February 23, 2005
THE ERA OF BETTER GOVERNMENT IS STARTING:
Government for Hire (STEPHEN GOLDSMITH and WILLIAM D. EGGERS, February 21, 2005, The New York Times)
In the past, those of us who wished to limit government's monopoly over public services were content to make the case for greater private delivery and then leave it up to the bureaucrats to figure out how to do it. But not enough attention has been devoted to one of the central policy and management issues of our time: what kinds of systems, organizational structures and skills are needed to operate a government that increasingly orchestrates (rather than owns) resources and purchases (rather than directly provides) services?It must be recognized that involving partners to produce government services places more - not less - responsibility on public officials. It requires them, often with declining resources, to provide more public service than before, but produce less of it themselves. This in turn demands a different set of governmental abilities. It requires public leaders who understand that their job is to produce public value and not merely to manage activities.

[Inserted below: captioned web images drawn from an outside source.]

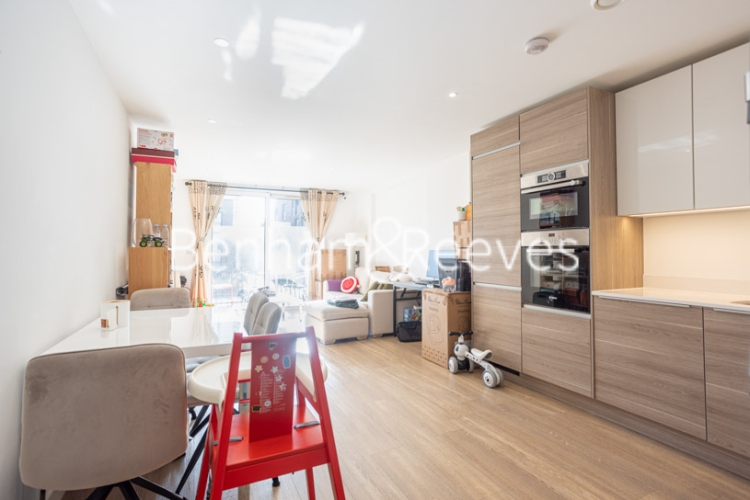 2 bedrooms flat to rent in Whiting Way, Marine Wharf, SE16-image 2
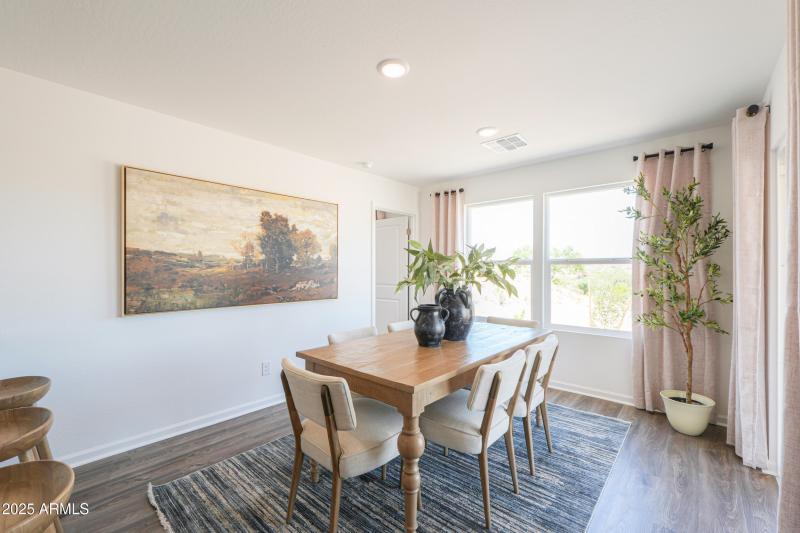 WCE - Model Dining Room (1)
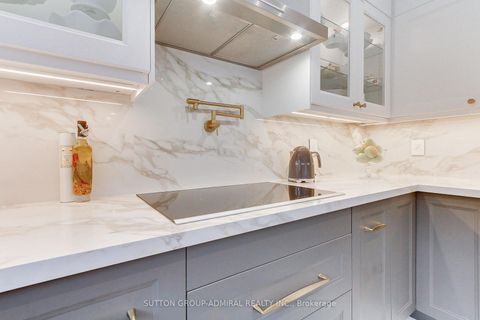 Photo 19 at 8 Aegis Drive, Patterson, Vaughan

This new breed of leadership must recruit managers skilled in negotiation, contract management and risk analysis who will tackle problems unconventionally and focus on results rather than on defending bureaucratic turf. Ultimately, this means fewer people overall at the lower and middle levels, but more highly skilled individuals at the top who are properly paid.

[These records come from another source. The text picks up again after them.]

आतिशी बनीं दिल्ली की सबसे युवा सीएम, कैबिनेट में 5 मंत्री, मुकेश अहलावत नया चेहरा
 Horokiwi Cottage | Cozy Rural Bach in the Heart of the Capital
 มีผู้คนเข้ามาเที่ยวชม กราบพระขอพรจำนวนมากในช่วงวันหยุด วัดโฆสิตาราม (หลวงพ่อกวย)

Record baby boomer retirements over the next four years - up to 50 percent in some federal agencies - provide an opportunity to transform the public work force without layoffs. But to attract a new kind of public employee, the government has to change outdated seniority rules, narrow job classifications and archaic hiring practices.
Management must move to center stage. Holding providers accountable and measuring and tracking their performance has to become a core government responsibility that is as important, if not more so, than managing public employees.
Public officials must be careful to retain control of outcomes even while their private partners directly manage services. This requires a delicate balancing act, building in the needed flexibility to enable dynamic change, while not becoming a captive of private vendors.
It's time to put the debate aside.
The size, power, expense and arrogance of government grow unless restrained. I’m not anti-government. But the more we rely on the government to do things for us, the less freedom we have, the less responsibility we take for ourselves and for others, the less potential we achieve. Often best public policy lies with some combination of government, the private sector, and not-for-profit organizations, and more likely at the local level which is closer to problems and better able to come up with solutions.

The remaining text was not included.